Die Plattform als Leidenschaft
Von der Seite allein kann Eliah noch nicht leben, weil sich die Werke noch sehr unregelmäßig verkaufen. Die Plattform kann sich aber selbst finanzieren und organisch entwickeln. Sein Ziel? „Wir haben 5000 User und 600 aktive Künstler:innen momentan. Mein Ziel ist es, so global wie möglich vernetzt zu sein und aus jedem Land mindestens eine:n Künstler:in zu haben.“
Banksy – „Trolley Hunter“
„Mein derzeitiger Lieblingskünstler, der auf der Plattform vertreten ist, ist natürlich Banksy.
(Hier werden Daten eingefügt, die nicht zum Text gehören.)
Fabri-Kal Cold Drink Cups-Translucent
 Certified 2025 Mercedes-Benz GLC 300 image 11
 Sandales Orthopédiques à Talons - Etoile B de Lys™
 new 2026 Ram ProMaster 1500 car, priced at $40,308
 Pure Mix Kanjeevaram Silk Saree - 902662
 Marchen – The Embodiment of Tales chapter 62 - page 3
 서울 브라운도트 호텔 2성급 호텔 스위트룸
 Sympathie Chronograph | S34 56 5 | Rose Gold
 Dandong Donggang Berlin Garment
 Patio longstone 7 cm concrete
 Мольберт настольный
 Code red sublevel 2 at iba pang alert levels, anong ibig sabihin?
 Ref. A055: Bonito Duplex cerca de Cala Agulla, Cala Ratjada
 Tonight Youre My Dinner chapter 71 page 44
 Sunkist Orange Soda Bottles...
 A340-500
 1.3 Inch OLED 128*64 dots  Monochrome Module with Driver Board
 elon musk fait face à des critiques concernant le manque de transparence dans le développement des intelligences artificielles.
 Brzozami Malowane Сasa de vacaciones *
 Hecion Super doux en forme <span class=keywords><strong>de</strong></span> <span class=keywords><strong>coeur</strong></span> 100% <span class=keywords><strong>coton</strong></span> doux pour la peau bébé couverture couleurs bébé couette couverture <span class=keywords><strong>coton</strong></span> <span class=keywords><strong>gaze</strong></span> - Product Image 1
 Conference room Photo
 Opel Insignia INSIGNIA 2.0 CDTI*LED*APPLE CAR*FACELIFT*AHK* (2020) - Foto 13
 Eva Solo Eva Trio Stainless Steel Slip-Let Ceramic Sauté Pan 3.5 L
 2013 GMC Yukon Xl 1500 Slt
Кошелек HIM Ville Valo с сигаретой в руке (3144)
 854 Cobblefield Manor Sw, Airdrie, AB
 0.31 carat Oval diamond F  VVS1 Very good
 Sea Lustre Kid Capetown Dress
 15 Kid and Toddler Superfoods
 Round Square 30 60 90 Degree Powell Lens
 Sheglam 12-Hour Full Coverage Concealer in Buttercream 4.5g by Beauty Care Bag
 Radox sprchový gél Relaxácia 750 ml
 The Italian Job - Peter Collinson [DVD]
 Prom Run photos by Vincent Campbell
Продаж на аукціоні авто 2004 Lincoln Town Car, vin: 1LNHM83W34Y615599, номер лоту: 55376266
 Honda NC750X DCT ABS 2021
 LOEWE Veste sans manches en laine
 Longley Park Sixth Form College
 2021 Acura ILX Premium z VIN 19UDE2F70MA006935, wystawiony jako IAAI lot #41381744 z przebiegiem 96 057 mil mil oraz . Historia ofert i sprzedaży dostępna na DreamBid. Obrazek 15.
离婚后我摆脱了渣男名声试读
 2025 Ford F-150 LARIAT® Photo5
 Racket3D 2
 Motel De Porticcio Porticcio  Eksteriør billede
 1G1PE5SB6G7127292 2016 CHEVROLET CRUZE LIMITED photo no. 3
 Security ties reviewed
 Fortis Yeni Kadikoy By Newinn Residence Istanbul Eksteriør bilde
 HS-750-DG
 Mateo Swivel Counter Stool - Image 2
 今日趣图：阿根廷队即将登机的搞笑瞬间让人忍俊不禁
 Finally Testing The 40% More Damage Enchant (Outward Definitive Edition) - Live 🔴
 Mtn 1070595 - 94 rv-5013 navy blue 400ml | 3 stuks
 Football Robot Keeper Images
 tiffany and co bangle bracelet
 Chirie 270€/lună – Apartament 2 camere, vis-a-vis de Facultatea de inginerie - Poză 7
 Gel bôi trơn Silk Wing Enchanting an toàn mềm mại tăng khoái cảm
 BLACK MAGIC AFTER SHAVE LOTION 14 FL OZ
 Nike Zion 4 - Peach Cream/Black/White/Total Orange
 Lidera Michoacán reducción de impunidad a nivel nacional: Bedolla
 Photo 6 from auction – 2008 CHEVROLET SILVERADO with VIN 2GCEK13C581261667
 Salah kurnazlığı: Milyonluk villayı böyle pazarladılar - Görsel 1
Wir haben ein Original von Banksy auf das bin ich persönlich sehr stolz. Mel Ramos, der wird auch in der Albertina ausgestellt, von dem haben wir 10 Kunstwerke, der ist aus den USA, Kalifornien. Aus Wien gefällt mir sehr der Raffaellxo, er macht super coole Sachen im Stil von Gustav Klimt, aber mit Neonlichtern. Also verleiht er dem Ganzen einen eigenen modernen Touch.“
„Artplatt lebt von den Künstlern, die sich dafür entscheiden Teil des Netzwerks zu werden und natürlich geht es uns darum dem Künstler auch etwas zurückzugeben.“
„Jeder ist herzlich Willkommen. Die Anmeldung und generell die Handhabung der Seite haben wir so einfach wie möglich gehalten damit auch zum Beispiel ältere Herrschaften die Tools problemlos verwenden können.“, betont Eliah nochmal abschließend.